Yep I could just bolt off the air valve like in your photo, totally servicable.
That's not a bolt. That is the stock chrome cover that screws on over the Schrader valve.


I'd be a little worried about aluminum ones. The thread is awful fine and it'd be too easy to get that first twist awry and b*gger them.
Are you worried at all about stock ones? All of the stock caps I have seen were aluminum. :-k

On the other hand, cross-threading the originals would b*gger the tubes too.
Because the caps are aluminum and the tubes are steel, I would think it would be the caps that got buggered. :-k

I find em a little inconvenient to push down and get started too versus the un-valved ones ...I can't use a big long socket to push and turn in the awkward spot like I can with the normal type
There is a trick to installing the caps that makes it MUCH easier.
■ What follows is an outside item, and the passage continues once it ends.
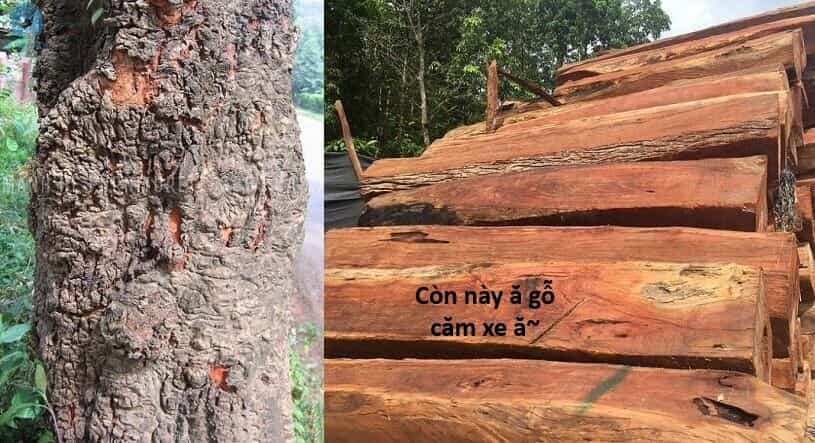 Ngay Cả Khi Hậu Tận Thế, Thật Hạnh Phúc Khi Vẫn Còn Được Sống... (Puchimasu Miếu) - Chương 44.1 - ảnh 20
Before installing any preload spacers, thread the caps into the tubes a couple of turns. While trying to pull the caps straight off the end of the tube, unscrew them, watching for the exact point of disengagement. If the valve is angled (like the one in my picture), I use that as my reference point and note where the tube is when the cap comes off. Use a Sharpie marker on the tube to show that point. Finish assembly with any preload spacers, washers, etc., then get the cap ready. Since you KNOW where it will engage, you only need to back up about 1/8 turn, press it down a bit, then give it 1/4 turn.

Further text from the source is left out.